The result is a form of vishing that feels uncannily legitimate, even to security-aware users.

According to Okta, multiple intrusion groups are now using custom phishing kits built specifically for voice-based social engineering campaigns. These kits are sold as a service and are actively targeting users of major identity providers like Google, Microsoft, and Okta, as well as cryptocurrency platforms. Instead of relying on generic credential-harvesting pages, the tools give attackers live control over authentication sessions as they unfold.

“Once you get into the driver’s seat of one of these tools, you can immediately see why we are observing higher volumes of voice-based social engineering,” said Moussa Diallo, threat researcher at Okta Threat Intelligence. “Using these kits, an attacker on the phone to a targeted user can control the authentication flow as that user interacts with credential phishing pages. They can control what pages the target sees in their browser in perfect synchronization with the instructions they are providing on the call. The threat actor can use this synchronization to defeat any form of MFA that is not phishing-resistant.”
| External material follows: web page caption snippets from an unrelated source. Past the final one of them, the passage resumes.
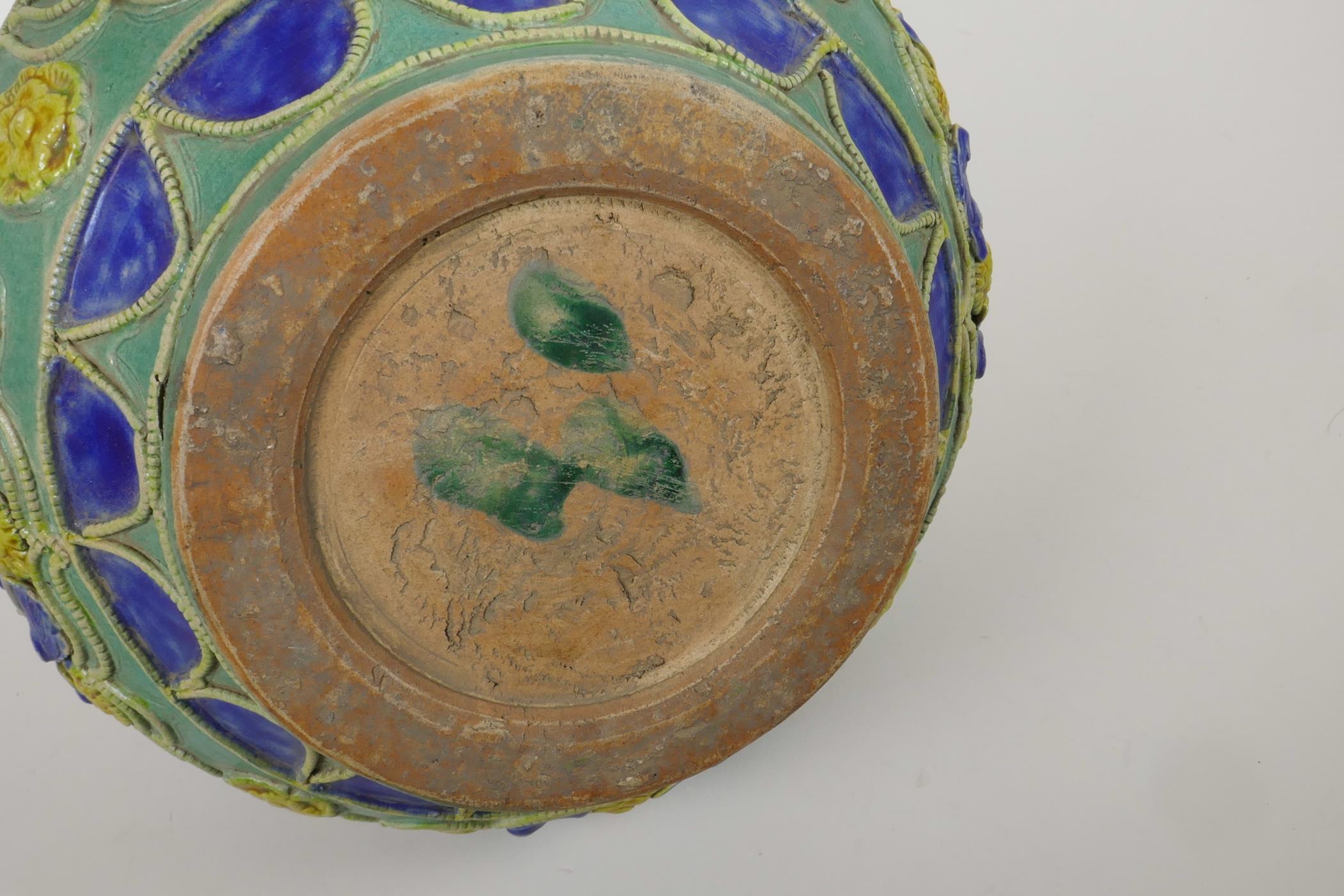A Chinese green ground pottery vase with raised yellow and blue floral decoration, 9" diameter - Image 5 of 5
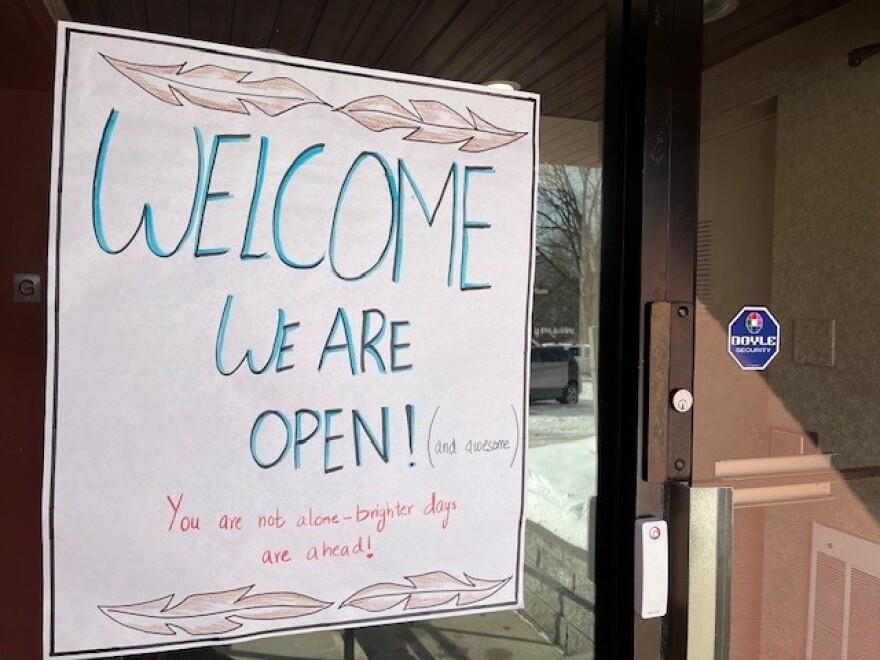 A sign at the entrance to Interfaith Works offers words of encouragement to refugees and others who feel targeted by the Trump administration.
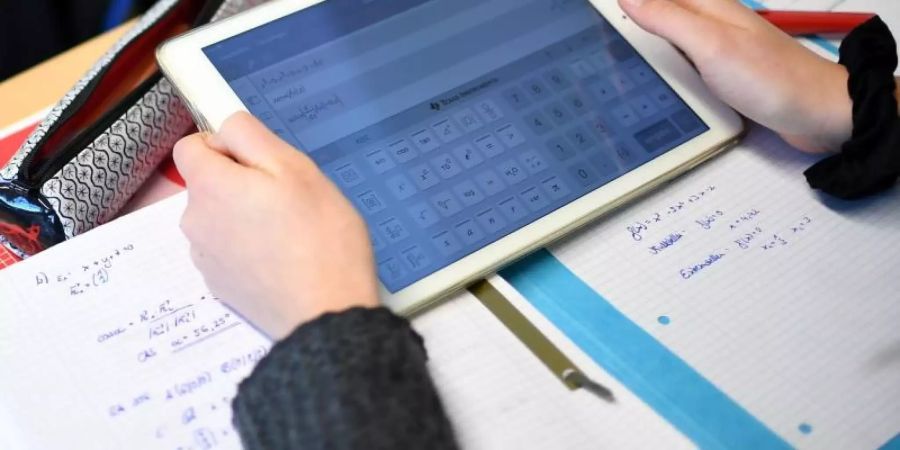 Ein Schüler eines Gymnasiums errechnet eine Gleichung mit einem iPad im Matheunterricht. Foto: Britta Pedersen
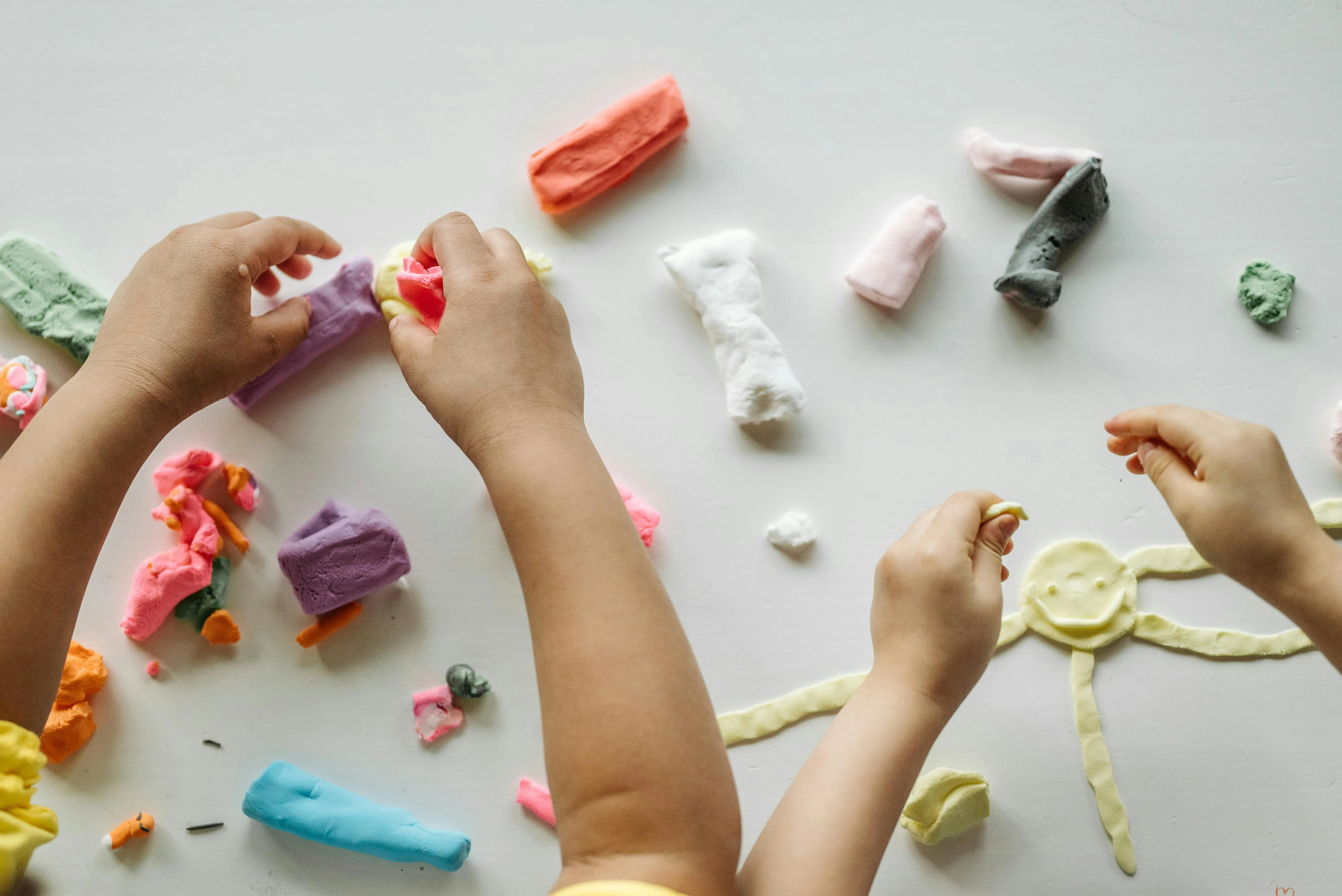 Mains d'enfants qui font une activité manuelle avec de la pâte à modeler.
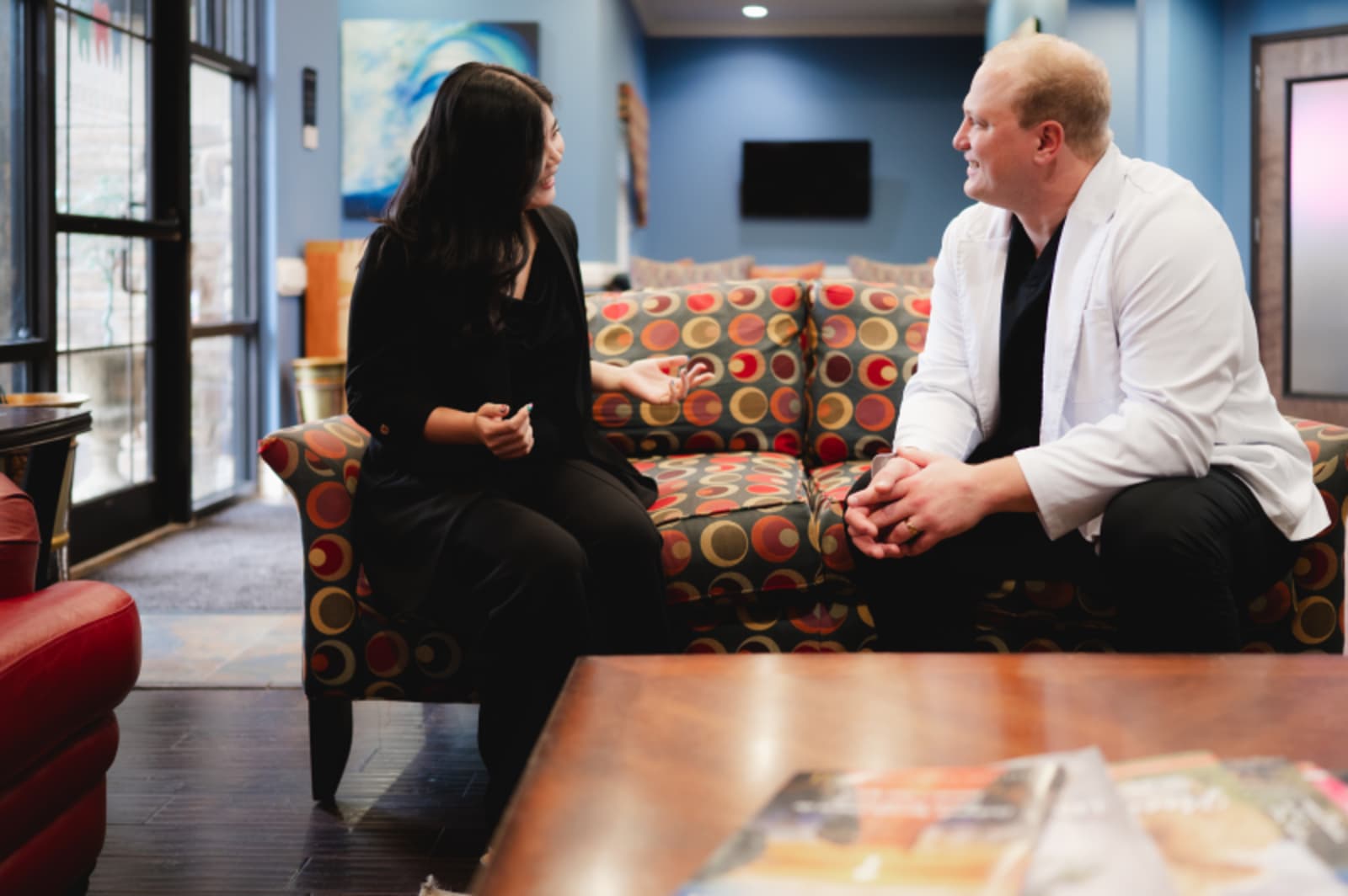 A dentist discusses treatment options with a patient in a modern dental office consultation area.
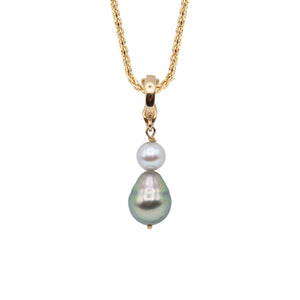 A 14 karat yellow gold pendant with a spherical gray Akoya pearl and pear shaped Tahitian pearl (on chain).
At the heart of these campaigns is what Okta describes as real-time session orchestration. Attackers begin with reconnaissance, learning which applications a target uses and which phone numbers are associated with IT support. They then call the victim while spoofing a trusted number and direct them to a phishing site that looks like a legitimate login page.

When the victim enters their credentials, those details are instantly relayed to the attacker, often through messaging platforms like Telegram. The attacker then attempts a real login to the legitimate service and sees which multifactor authentication challenge is triggered.

From there, the phishing kit updates the victim’s browser in real time to match the attacker’s verbal script.

If the attacker is prompted with a push notification, the victim may suddenly see a page explaining that a push has just been sent and should be approved. If a one-time passcode is required, the site seamlessly pivots to request it. The web experience and the voice instructions reinforce each other, stripping away the friction that usually alerts users to fraud.

Even safeguards like number-matching push notifications offer limited protection in this scenario. Because the attacker is speaking directly to the victim, they can simply instruct them which number to select. As Okta notes, these methods are not phishing-resistant by design.

By contrast, authentication approaches that rely on cryptographic binding between the user and the device, such as passkeys or Okta FastPass, break the attacker’s ability to proxy the session in real time.

Diallo believes this is only the beginning. As demand for voice-based fraud grows, both the tooling and the human expertise are being commoditized.

“Vishing is becoming such an in-demand area of expertise that, much like access to these kits, that expertise is also sold on an as-a-service basis,” he said.

Earlier phishing frameworks with basic real-time features are already being copied and refined into new kits built exclusively for callers. Where attackers once paid for broad platforms that targeted many services at once, a new market is emerging for bespoke control panels tailored to individual providers.

Security leaders say the findings reflect a broader shift in how attackers operate against identity systems. Cory Michal, CSO at AppOmni, said the research documents a tactic defenders have been wrestling with for some time, but one that continues to scale effectively.

“This research usefully documents a tactic defenders have been battling for a while: Attackers blending vishing and phishing into a single, real-time ‘guided’ flow where the caller team can steer a victim through MFA prompts and adapt the web experience on the fly,” Michal said. “The underlying tradecraft isn’t brand new, but it’s still highly effective at scale.”

Michal also pointed to the central role identity now plays in enterprise security. As SaaS platforms increasingly function as the organizational control plane, identity providers have become the most valuable choke point for attackers. Gaining access to an account often unlocks wide-reaching privileges and downstream data.

He noted that the rapid evolution of these kits mirrors a broader trend toward automation and AI-assisted development within criminal ecosystems, allowing attackers to iterate faster and lower the skill barrier for complex intrusions.

For defenders, the guidance is blunt. Technical controls matter more than user awareness alone.

“In a workplace context, there is no substitute for enforcing phishing resistance for access to resources,” Diallo said.

That means deploying phishing-resistant authentication by default, restricting access based on trusted networks and devices, and closely monitoring identity and SaaS audit logs for signs of abuse. Some financial institutions are also experimenting with live caller verification inside mobile apps, allowing users to confirm whether an incoming call is legitimate.

The attacks may feel new, but the lesson is familiar. As authentication becomes more sophisticated, so does the social engineering wrapped around it. When the browser and the voice on the phone tell the same convincing story, trust becomes the weakest link.